AIM OF THE EXERCISE.
Begin at the line containing "Flounder theme site design template sample" in the entries below and end at the line containing "Cynthia Bach 18K"; transcribe that range exactly and nothing outside it.

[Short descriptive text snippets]
※
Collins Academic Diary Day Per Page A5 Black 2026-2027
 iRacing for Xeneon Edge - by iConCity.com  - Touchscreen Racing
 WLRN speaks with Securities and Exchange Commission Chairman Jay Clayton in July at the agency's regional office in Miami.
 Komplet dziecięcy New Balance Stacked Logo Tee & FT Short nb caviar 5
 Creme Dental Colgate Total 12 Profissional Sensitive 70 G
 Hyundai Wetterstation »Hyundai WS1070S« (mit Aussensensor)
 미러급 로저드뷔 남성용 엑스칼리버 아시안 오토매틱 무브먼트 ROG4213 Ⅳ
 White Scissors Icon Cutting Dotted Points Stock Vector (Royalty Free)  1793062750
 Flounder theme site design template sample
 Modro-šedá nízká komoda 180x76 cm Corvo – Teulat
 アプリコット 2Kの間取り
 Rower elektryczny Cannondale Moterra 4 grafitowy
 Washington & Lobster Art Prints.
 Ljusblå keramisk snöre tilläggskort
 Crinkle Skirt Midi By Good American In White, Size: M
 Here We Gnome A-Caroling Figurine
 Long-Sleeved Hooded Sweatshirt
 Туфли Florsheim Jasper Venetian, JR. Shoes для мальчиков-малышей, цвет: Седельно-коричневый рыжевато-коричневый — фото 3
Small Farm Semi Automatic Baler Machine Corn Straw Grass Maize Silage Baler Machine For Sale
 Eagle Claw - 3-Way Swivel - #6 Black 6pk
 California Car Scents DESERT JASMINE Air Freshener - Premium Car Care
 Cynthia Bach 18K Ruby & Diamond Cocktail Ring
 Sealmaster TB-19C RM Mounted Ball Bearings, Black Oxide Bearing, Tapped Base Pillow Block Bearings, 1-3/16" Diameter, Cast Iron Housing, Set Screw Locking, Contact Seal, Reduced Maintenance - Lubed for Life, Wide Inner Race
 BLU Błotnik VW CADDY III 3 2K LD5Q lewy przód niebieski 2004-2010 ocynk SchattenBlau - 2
※
PROBLEM SOLUTION.
 Flounder theme site design template sample
 Modro-šedá nízká komoda 180x76 cm Corvo – Teulat
 アプリコット 2Kの間取り
 Rower elektryczny Cannondale Moterra 4 grafitowy
 Washington & Lobster Art Prints.
 Ljusblå keramisk snöre tilläggskort
 Crinkle Skirt Midi By Good American In White, Size: M
 Here We Gnome A-Caroling Figurine
 Long-Sleeved Hooded Sweatshirt
 Туфли Florsheim Jasper Venetian, JR. Shoes для мальчиков-малышей, цвет: Седельно-коричневый рыжевато-коричневый — фото 3
Small Farm Semi Automatic Baler Machine Corn Straw Grass Maize Silage Baler Machine For Sale
 Eagle Claw - 3-Way Swivel - #6 Black 6pk
 California Car Scents DESERT JASMINE Air Freshener - Premium Car Care
 Cynthia Bach 18K Ruby & Diamond Cocktail Ring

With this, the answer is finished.